A legislative committee says the state needs to put about $78 million more into Alaska schools to keep them from having to lay off teachers and cut services next year.
And the panel said the Legislature needs to keep increasing funding by 2 percent a year.
Rep. Dan Ogg, R-Kodiak, said a subcommittee of the House Special Committee on Education came up with that number after hearing educators around the state discuss what they would need just to maintain services at the 2003-2004 school year level.
"I think the testimony from all parts of the state was very persuasive," Ogg said.
The Education Committee is proposing fixing the hole in school district budgets through two bills.
House Bill 471 would increase the current per-student base funding level by $210 - from $4,169 per student to $4,379 per student.
Eddie Jeans, school finance manager for the state Department of Education and Early Development, said he had not analyzed how much that would cost but expected it to be roughly $42 million.
The amount of money schools actually receive per student through the state funding formula is adjusted based on school size, location, the number of students with special needs and other factors.
The committee is proposing a separate bill to give districts another $35.8 million to cover increases in teacher retirement system obligations.
Schools throughout the state have been talking about making drastic cuts in the coming year, including teacher layoffs, to cope with inflation and increased mandatory payments into retirement programs.
Education Committee Chairman Carl Gatto, R-Palmer, said he believes the Republican majority caucus will support the increase.
"No matter who you talk to, everybody has been talking to their representative because it's so uniform throughout the state, it's like a virus," Gatto said.

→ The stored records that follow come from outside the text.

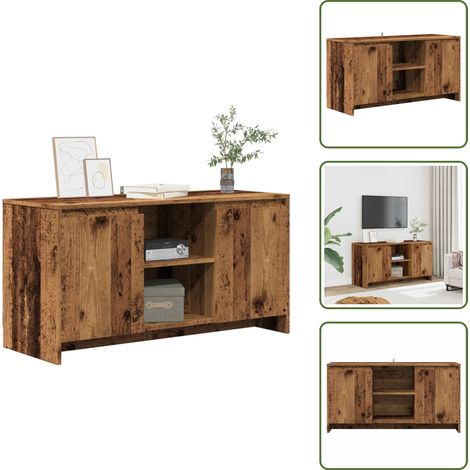 Mobile in Legno - vidaXL Mobile Porta TV Legno Antico 102x37,5x52,5 cm Legno Multistrato - Mobile in Truciolato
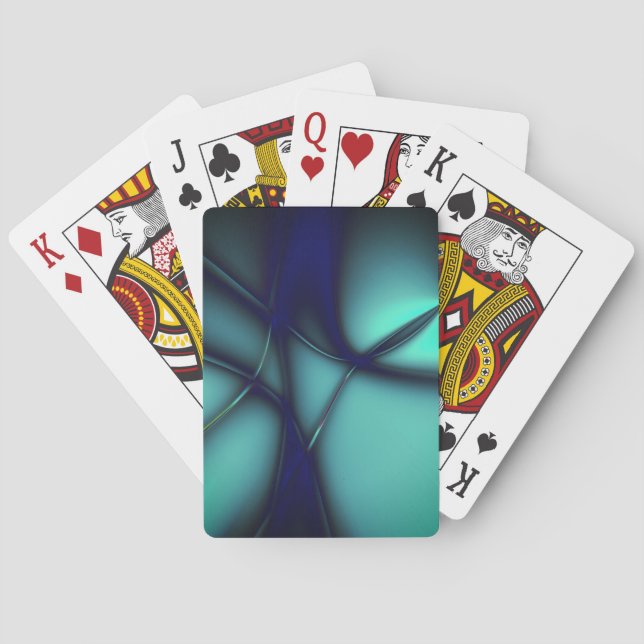 Bränd myntcyan under starkt linjer ser ut som nörd casinokort (Baksidan)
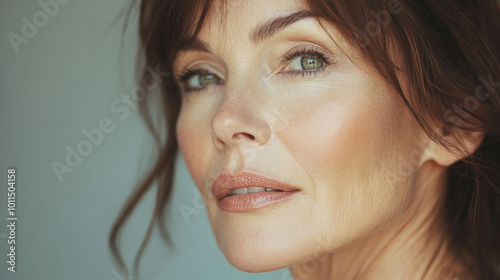 Beauty cosmetics magazine photo of a middle-aged Caucasian woman with glowing skin and delicate pink lips, her elegance shining through.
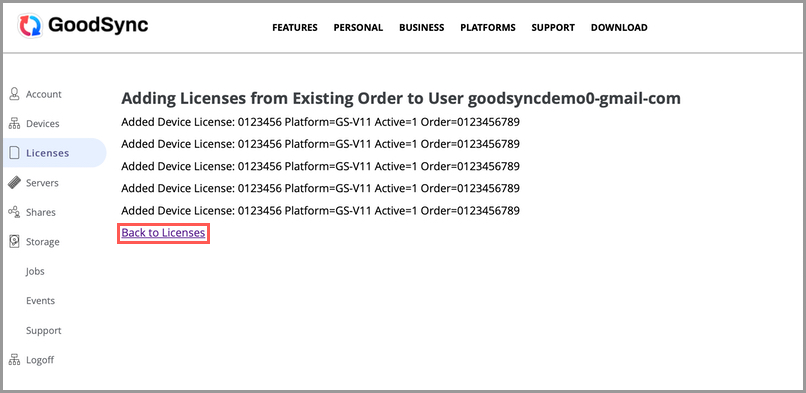 License 新增成功摘要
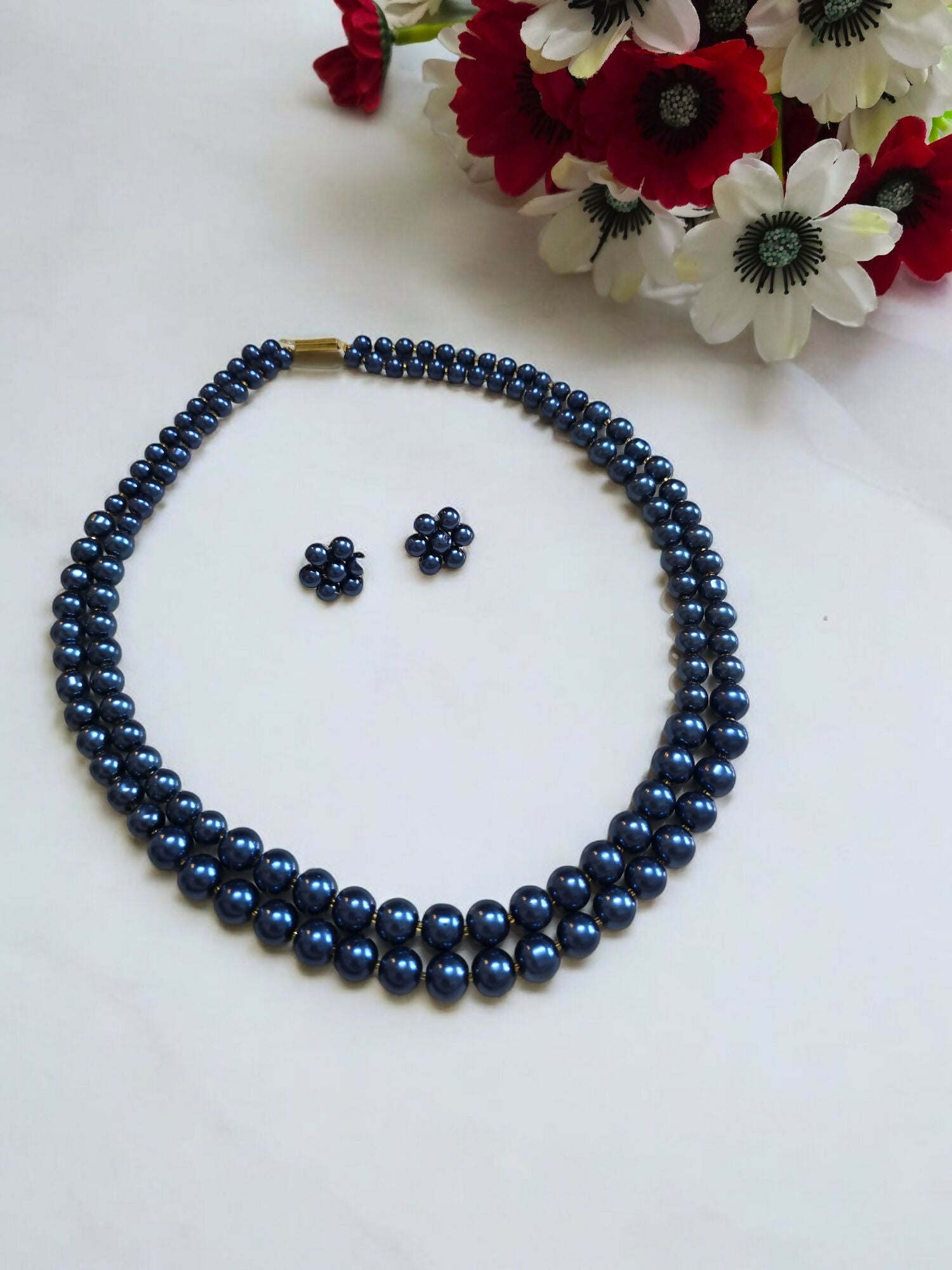 Inhanns Everyday Workwear Pearl Set (Double Layered Pearls) - Blue - Distacart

Murkowski's proposed budget for education provides districts with the full amount of money they are entitled to under the state's current school funding formula.
But because enrollment has declined and local property values have gone up, the amount of state dollars required to go to schools under the formula is down $8.4 million next year from this year's $701.8 million.
A House Finance subcommittee this week recommended an $8 million increase in the governor's proposal.
It's too early to tell what number will finally pass the Legislature.
House Finance Co-Chairman John Harris, D-Valdez, has said he expects lawmakers will provide more money for schools, but that could range anywhere from $8 million to $100 million.
Rep. Les Gara, D-Anchorage, wants to give schools more than the education subcommittee recommended. He proposes bumping the per-student allocation to $4,600 and not funding the retirement system obligation separately.
He also wants to adjust that number every year for inflation, and provide additional increases of 2 percent a year to be used for reducing class sizes or helping schools meet the requirements of the federal No Child Left Behind Act.
Gara said it's good to help districts avoid laying off teachers this year but some lost teachers last year as well.
"I think we do need to start repairing the damage," Gara said.
Gatto said Gara could attempt to make that amendment at the committee's next meeting Thursday, when the panel is expected to act on House Bill 471.